_Exercise objective_. Quote exactly the lines from the one with "Power Reclining Sofa" to the end of the data, both included; omit the pictures.

_Dataset items_.

- - -

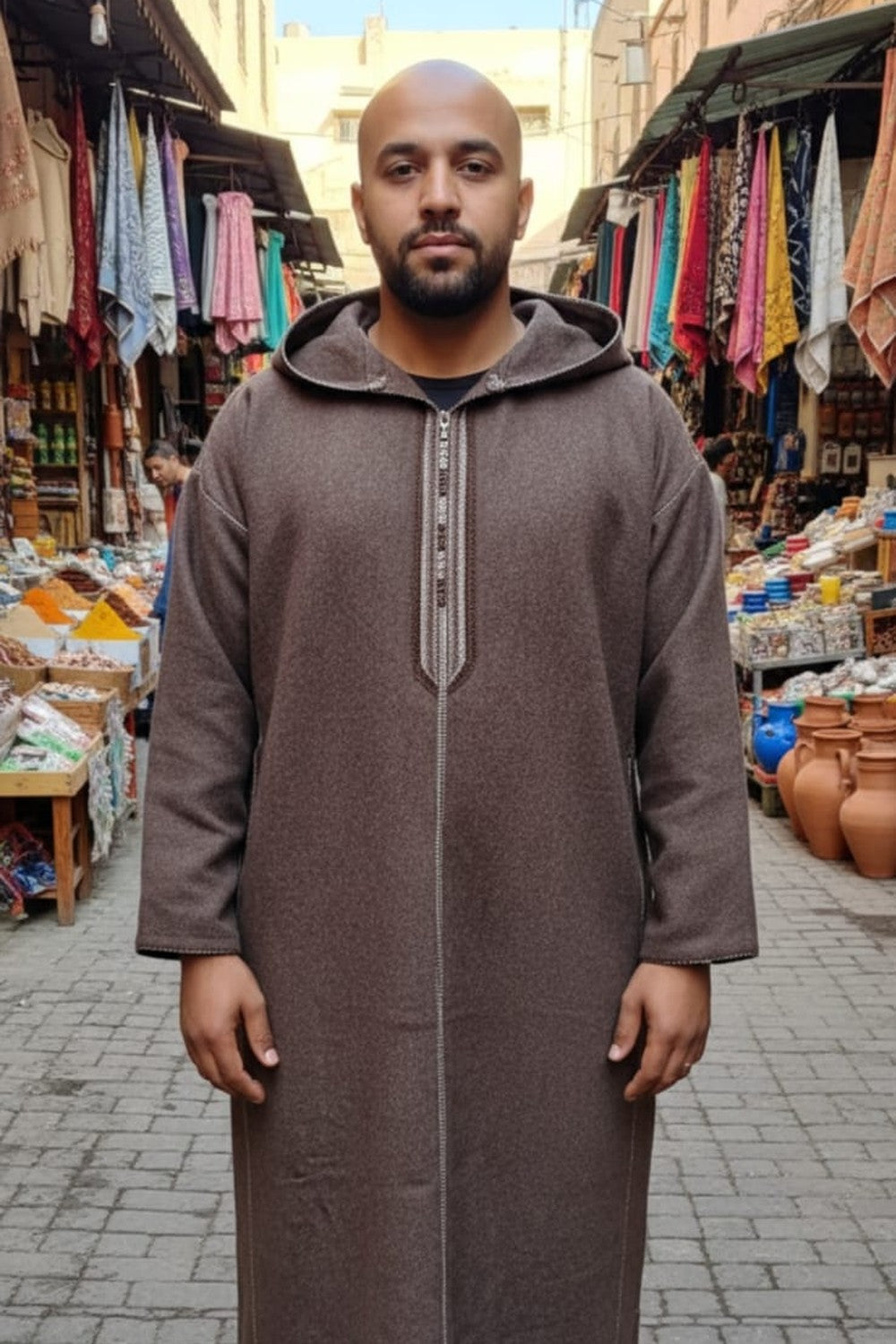 Man wearing a cocoa brown hooded Moroccan thobe
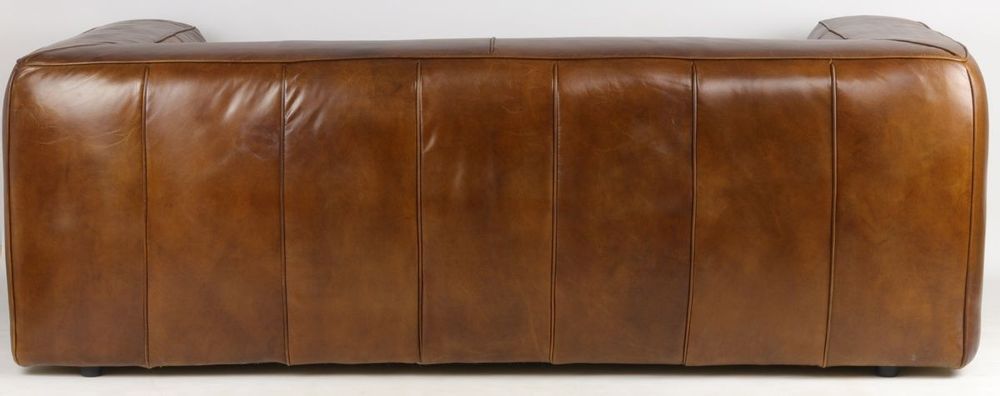 Sofas - Boston Leather Sofa - 3-Seater Vintage Cigar - JP2B DECORATION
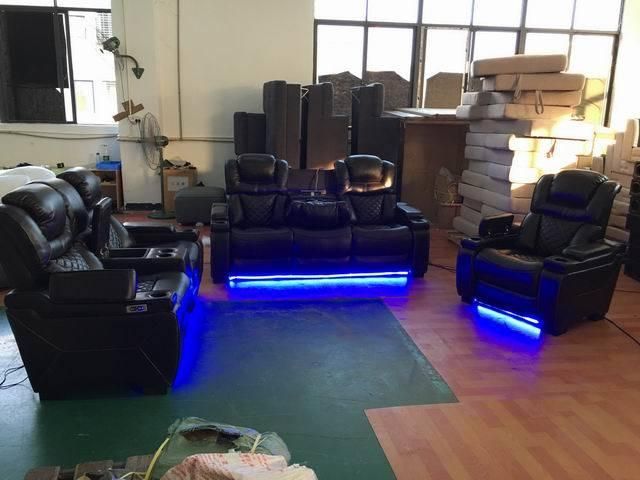 Power Reclining Sofa with LED Light in Leather Gel Material for Living Room Set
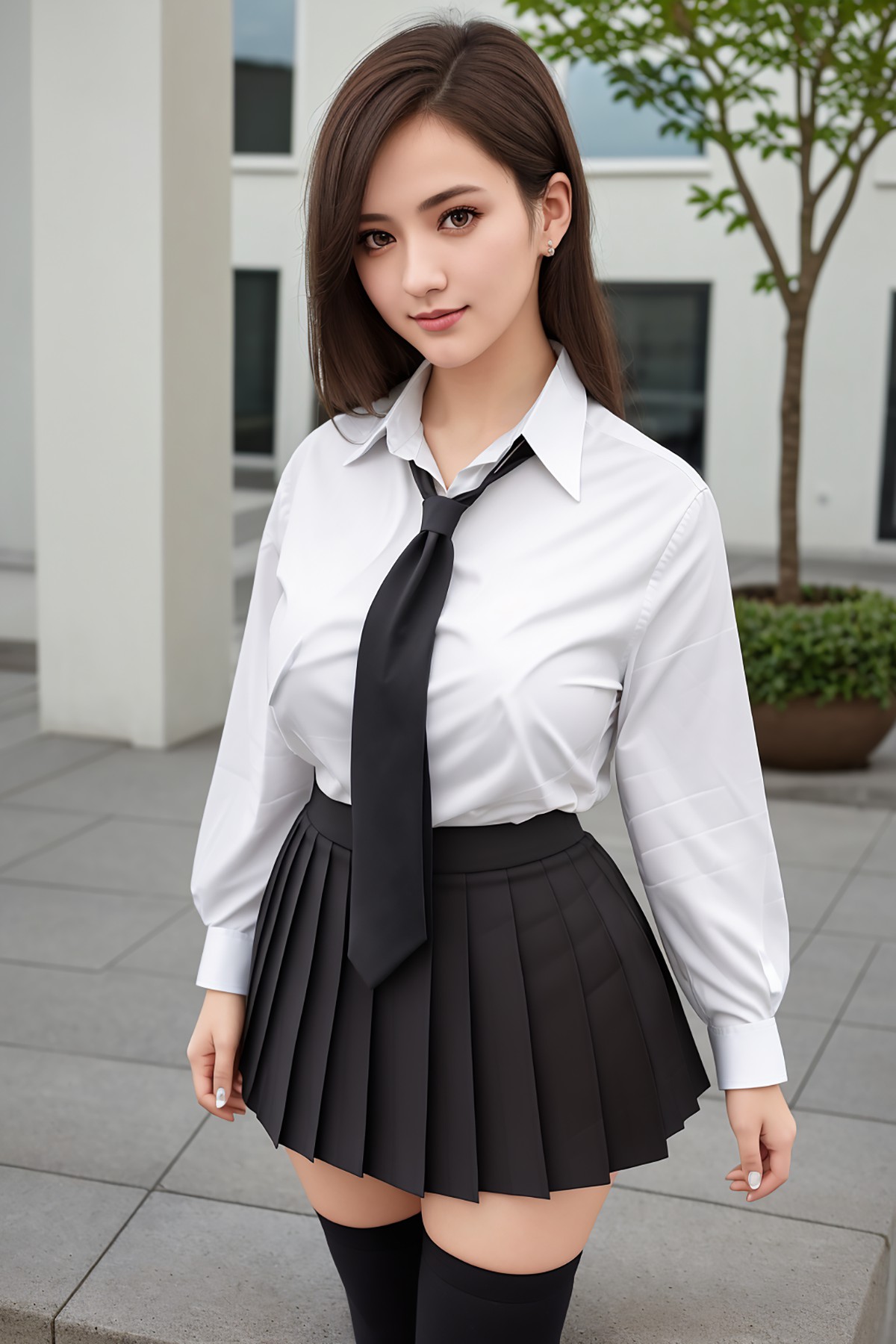 AIModel Vol 133 Sexy White Shirt With Black Short Skirt 0032 5896625737.jpg
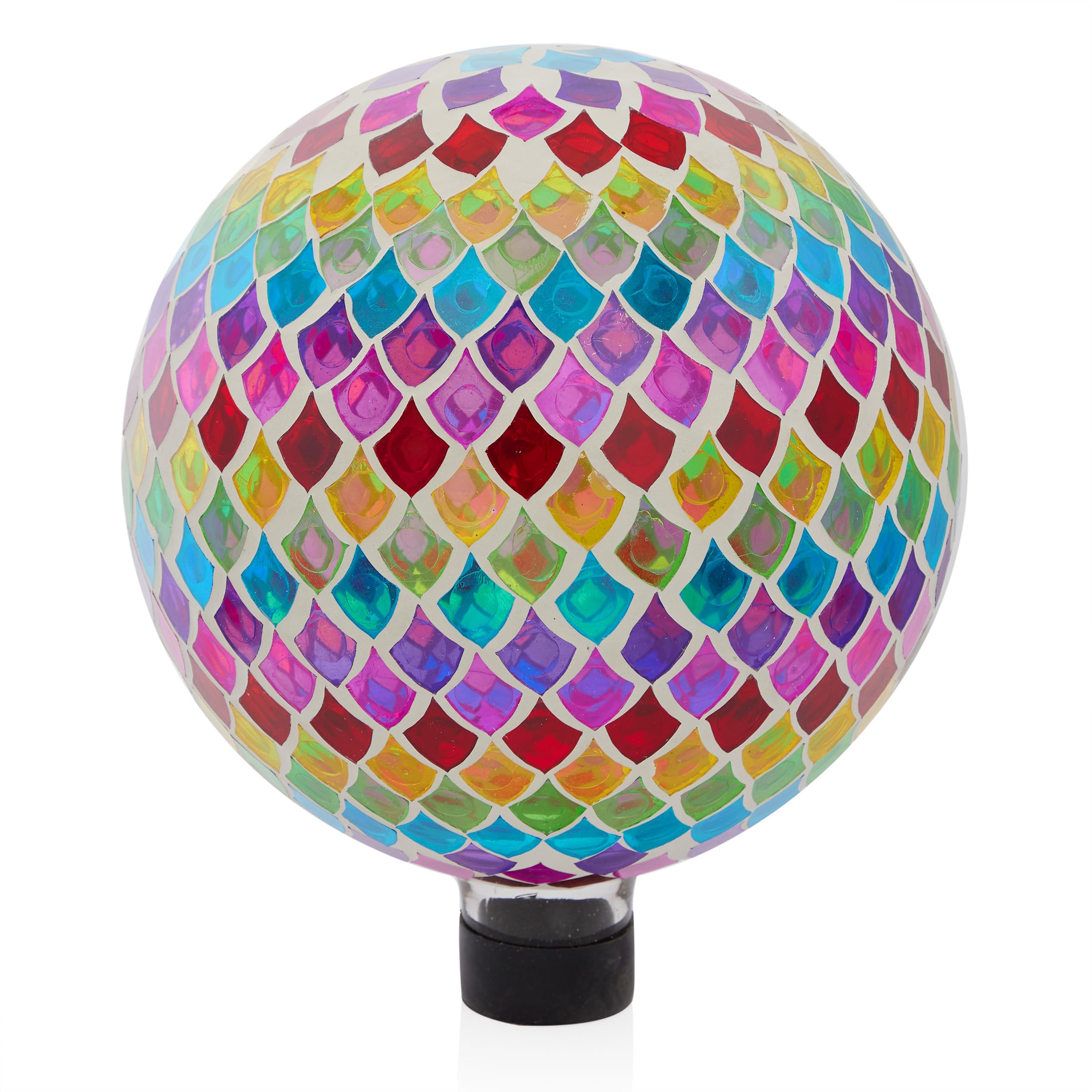 Alpine Corporation HMD220 Multicolor Glass Mosaic Teardrop Design Gazing Globe, Multi-Color-image-32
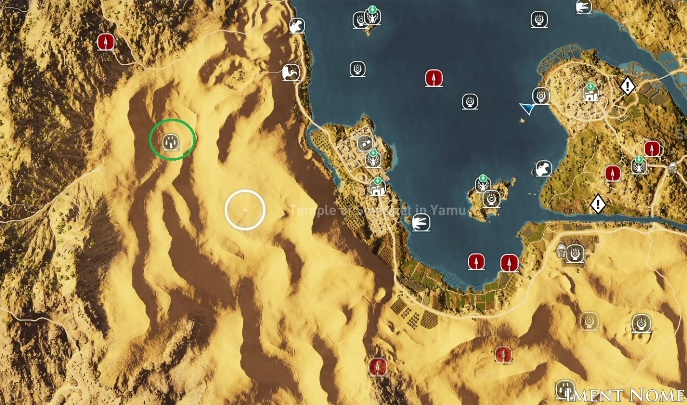 Drugi kamienny krąg w prowincji Iment Nome znajduje się na góre pustyni, w północno zachodniej części lokacji - Kamienne kręgi w Assassins Creed Origins - Assassins Creed Origins - poradnik do gry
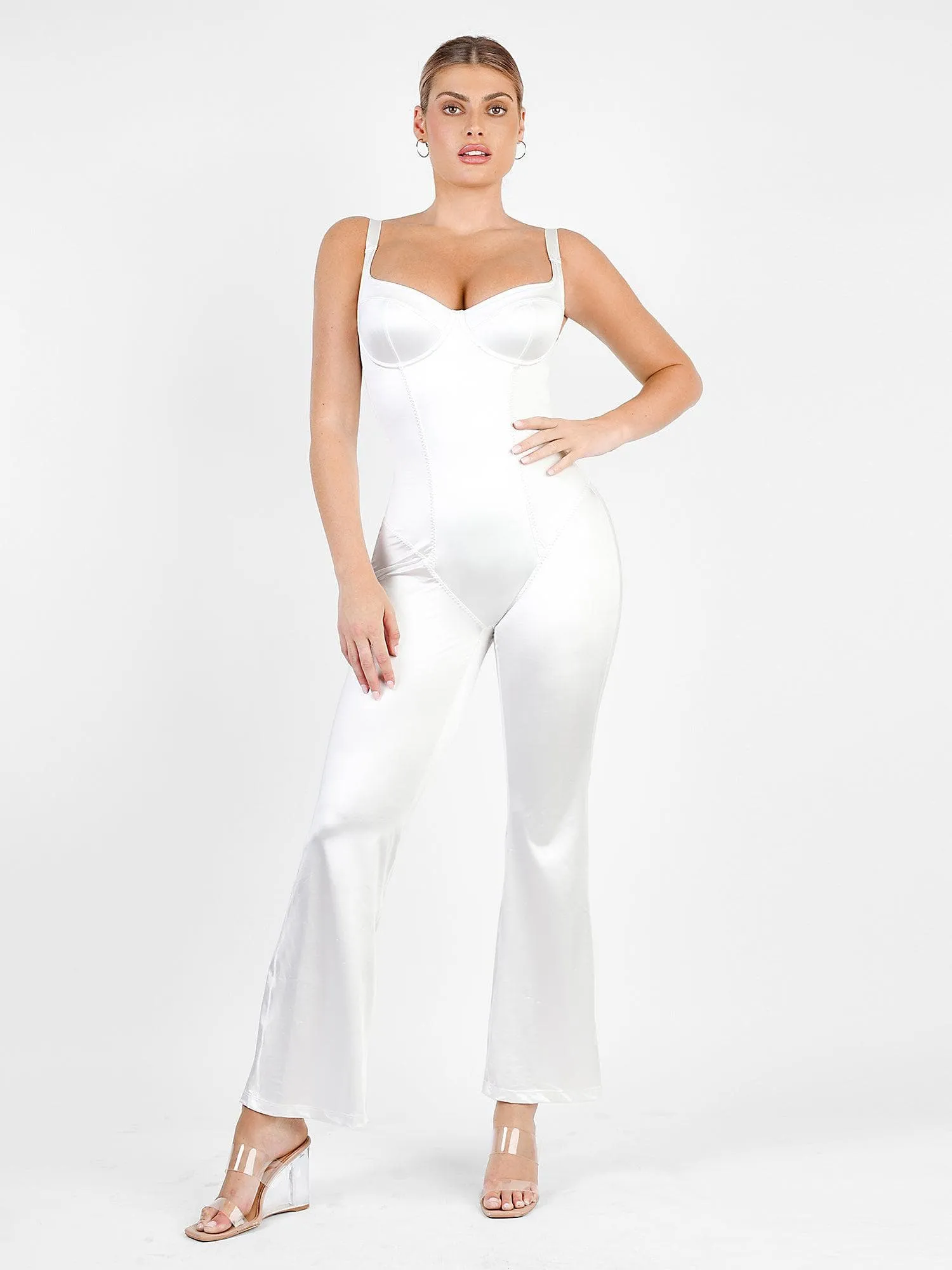 Metallic Shiny One Piece Wide Strap Shapewear Jumpsuit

- - -

_Answer box_.
 Power Reclining Sofa with LED Light in Leather Gel Material for Living Room Set
 AIModel Vol 133 Sexy White Shirt With Black Short Skirt 0032 5896625737.jpg
 Alpine Corporation HMD220 Multicolor Glass Mosaic Teardrop Design Gazing Globe, Multi-Color-image-32
 Drugi kamienny krąg w prowincji Iment Nome znajduje się na góre pustyni, w północno zachodniej części lokacji - Kamienne kręgi w Assassins Creed Origins - Assassins Creed Origins - poradnik do gry
 Metallic Shiny One Piece Wide Strap Shapewear Jumpsuit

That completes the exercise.